### Aim of the task
Only one stretch of the data is wanted: the line containing "Gouden munt 1 oz Birds of paradise", the line containing "[电影][欧美][美国]蝙蝠侠归来 Batman Returns(1992)7.4分[百度][迅雷]", and every line between them, copied exactly.

### Material for the task
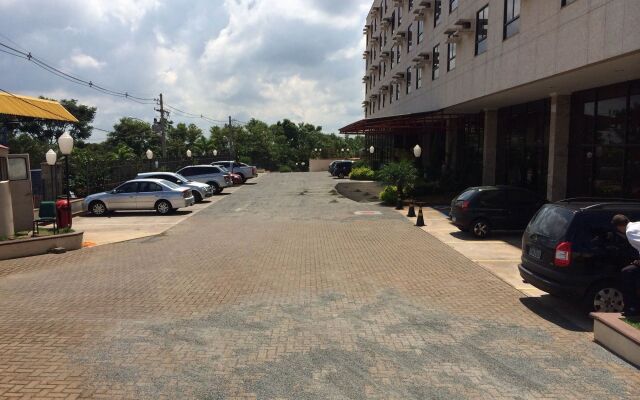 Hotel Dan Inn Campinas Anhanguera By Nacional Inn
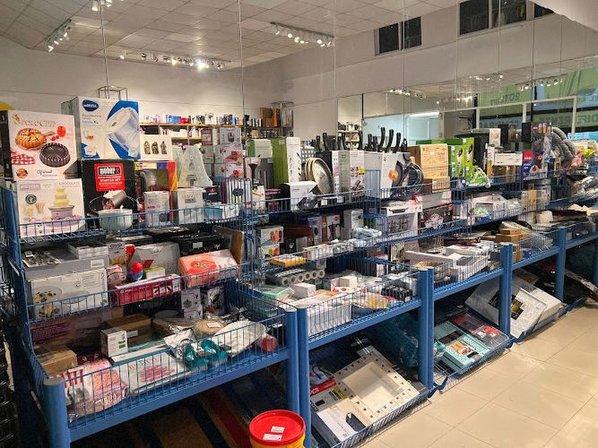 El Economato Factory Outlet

---

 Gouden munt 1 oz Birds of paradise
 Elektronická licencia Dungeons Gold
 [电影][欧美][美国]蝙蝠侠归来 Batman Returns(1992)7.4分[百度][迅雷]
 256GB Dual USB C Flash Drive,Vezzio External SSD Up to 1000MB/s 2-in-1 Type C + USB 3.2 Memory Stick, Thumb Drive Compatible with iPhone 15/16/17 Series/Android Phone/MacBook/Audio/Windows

### Result for this exercise
 Gouden munt 1 oz Birds of paradise
 Elektronická licencia Dungeons Gold
 [电影][欧美][美国]蝙蝠侠归来 Batman Returns(1992)7.4分[百度][迅雷]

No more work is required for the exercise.